Che cosa stai facendo?» mi
sembra la stessa voce che prima parlava di giornalisti.
«Prenditi
cura di questa ragazza per me
per favore, io vado a parlare con i giornalisti. Fai molta attenzione
perché è piuttosto
spaventata e ha appena attraversato una brutta esperienza» le
sue mani mi
lasciano andare ma la giacca continua a restare sulla mia testa e io
posso solo
vedere i suoi piedi che si allontanano. Un senso di abbandono
s’impadronisce
della mia testa e non so spiegarmene il motivo. Che sia una specie di
sindrome di
Stoccolma?
Sollevo
un po’ la giacca per sbirciare
ma posso vedere solo la sua schiena allontanarsi. È alto e
ha i capelli castani
tagliati corti. Oltre a sapere che ha un bella voce rassicurante sono
le uniche
due cose che so di lui.
«Signorina?»
da sotto la giacca fa
capolino un volto rotondo dagli occhi sottili. Ci guardiamo per un
po’
esaminandoci a vicenda.
«Liz!»
eccola che arriva, la sorella
più apprensiva del pianeta che mi si fionda addosso come una
di quelle manine
appiccicose anni novanta. «Come stai? Ti sei fatta male?
Perché hai preso
l’ascensore? Oh mamma che spavento che mi sono presa! Mi
riconosci?» mi prende
il viso tra le mani e mi fissa appiccicando il suo naso al mio.
«Jen,
sto bene» sorrido divertita.
«Perché
hai una giacca sulla testa?» si
allontana e mi studia. In quel momento mi rendo conto di sembrare una
suora e
mi libero della giacca.
«Perché
ho una giacca sulla testa?» chiedo
a tutti e a nessuno.
«Signorina
è sicura di stare bene?»
chiede l’uomo senza nome preoccupato dei giornalisti.
«Sì
sto bene, grazie».
«Le
chiamo un taxi e la faccio portare
a casa» estrae il telefono dalla tasca interna della giacca
ma lo fermo subito
dicendogli che non ce n’è bisogno. «Josh
mi ha chiesto di prendermi cura di
lei» obietta.
«Non
è necessario che lei faccia altro
per me. Sono venuta con mia sorella e un amico e tornerò a
casa con loro»
spiego.
«Eppure…»
sembra combattuto ma poi
s’illumina come un albero di Natale ed estrae, sempre dalla
tasca interna della
giacca, un astuccio con dei biglietti da visita. Me ne porge uno.
«Se
avesse bisogno di qualunque cosa mi
chiami, ok?».
Sul
biglietto c’è scritto il nome di
una società, la Glorious Entertainment e il nome del tipo
è Choi Han Eul e pare
che sia un agente o qualcosa di simile. Il nome è senza
dubbio coreano.
«Agente
di chi?» lo guardo smarrita.
«Non
sa chi era la persona con lei in
ascensore?» i suoi occhi sottili si allargano e io ho la
sensazione tangibile
di essermi persa qualcosa di importante.
«Perché
ci sono i giornalisti?» chiede
mia sorella.
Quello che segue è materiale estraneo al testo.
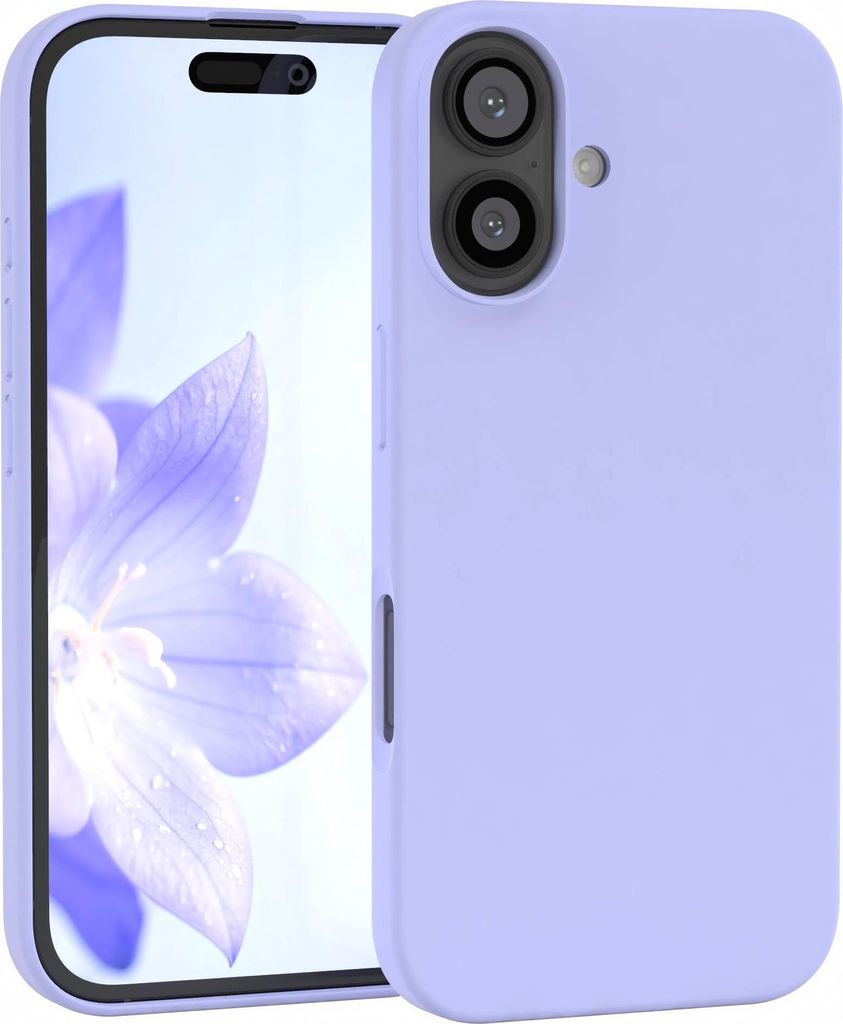 EAZY CASE Silikonhülle für Apple iPhone 16 Silikon Backcover Schutz in Violett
Poco dopo ci raggiunge Dominique.
«Ci
sono i giornalisti là fuori» indica
un punto imprecisato dietro di lui. Ci voltiamo tutti e tre a guardarlo
come
una visione mistica sulla via di Damasco. «Dicevo
così per dire» aggiunge un
po’ intimorito. Jenny lo prende sottobraccio per
tranquillizzarlo.
«Beh,
ho un po’ di lavoro da sistemare.
Mi dispiace che si sia persa lo spettacolo» guarda
l’orologio apprensivo e dopo
un piccolo cenno del capo si congeda scusandosi.
«Un
tipo un po’ strano» commenta
Dominique.
«Mi
dispiace avervi rovinato lo
spettacolo ma dovremmo essere in tempo per vedere il secondo
atto» dico
mortificata.
«Assolutamente
no! Adesso ce ne
torniamo a casa e ti rilassi per bene. Se penso all’ultima
volta che è successa
una cosa del genere mi vengono i brividi! Non ti sei svegliata per un
giorno
intero a causa dello shock!» Jenny mi abbraccia forte e la
tranquillizzo
accarezzandola. L’ultima volta cui lei si riferisce non
è esattamente l’ultima
ma questo non posso rivelarglielo perché dovrei raccontarle
qualcosa di ancora
più doloroso.
«Questa
volta non si tratta della
stessa situazione, sto bene, vedi?».
«Andiamo
lo stesso a casa» guarda
Dominique cercando una conferma che arriva subito. Il ragazzo estrae le
chiavi
della macchina dalla tasca dei jeans e le fa tintinnare sorridendomi.